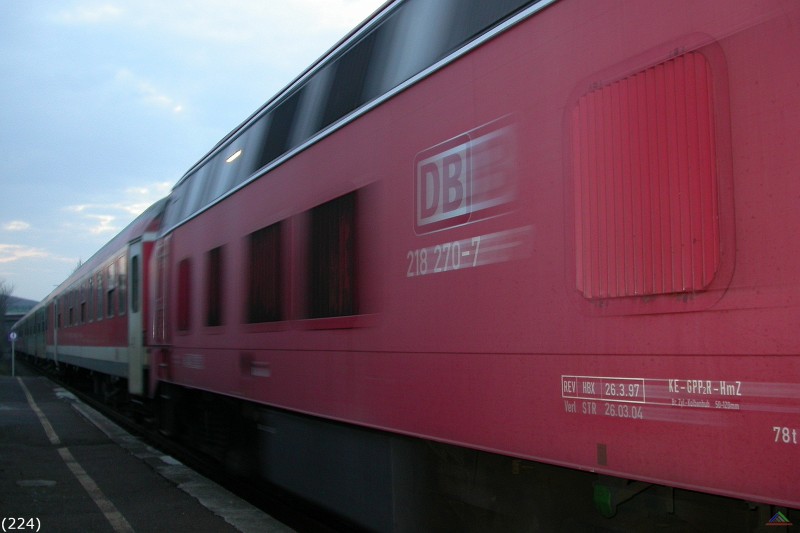Bahn 224.jpg - Ein lokbespannter Regionalzug bei der Einfahrt in Staudernheim.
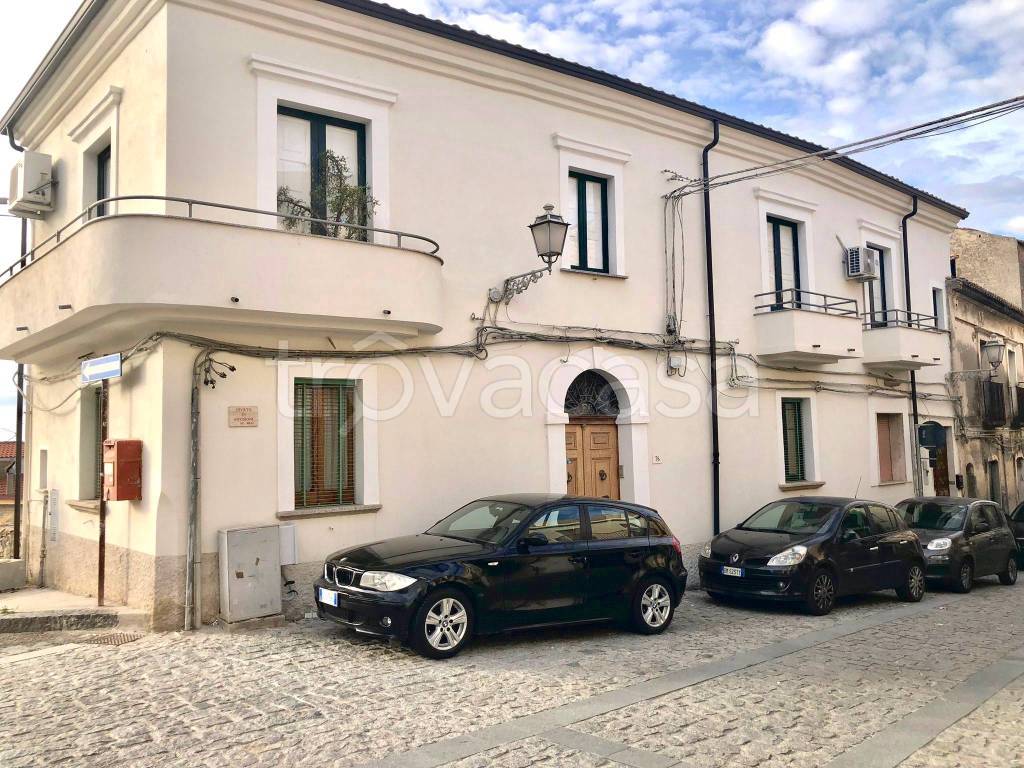 Villa Bifamiliare in in vendita da privato a Roccella Ionica via Umberto I, 111
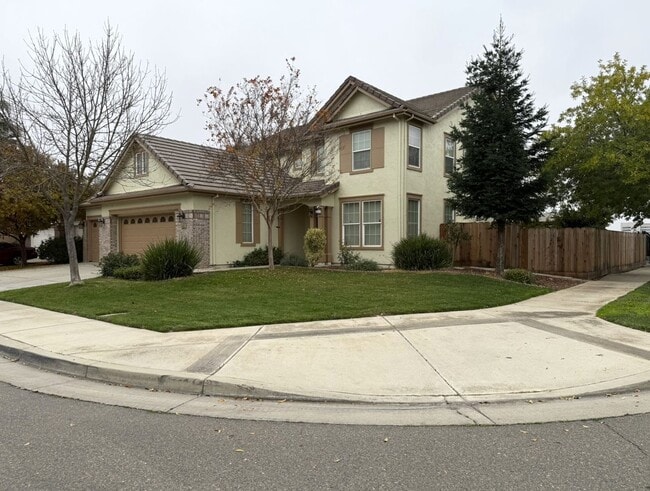 Building Photo - Lovely 5/3 with a desirable downstairs bedroom.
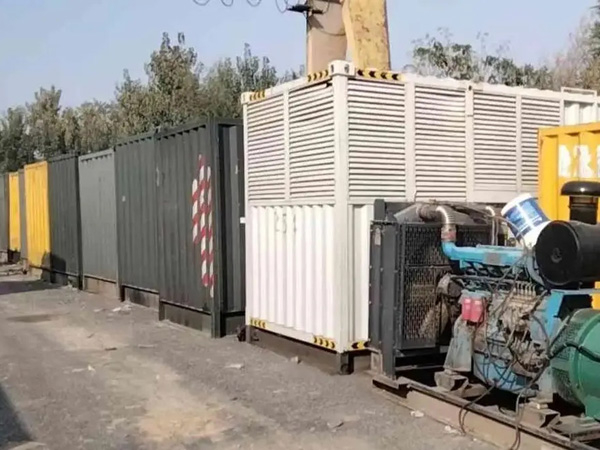 汉台200KW柴油发电机机组每小时油耗是多少？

Directions for this task:
All of the material above should be set down again exactly, though not its pictures.

Answer to this exercise:
Bahn 224.jpg - Ein lokbespannter Regionalzug bei der Einfahrt in Staudernheim.
 Villa Bifamiliare in in vendita da privato a Roccella Ionica via Umberto I, 111
 Building Photo - Lovely 5/3 with a desirable downstairs bedroom.
 汉台200KW柴油发电机机组每小时油耗是多少？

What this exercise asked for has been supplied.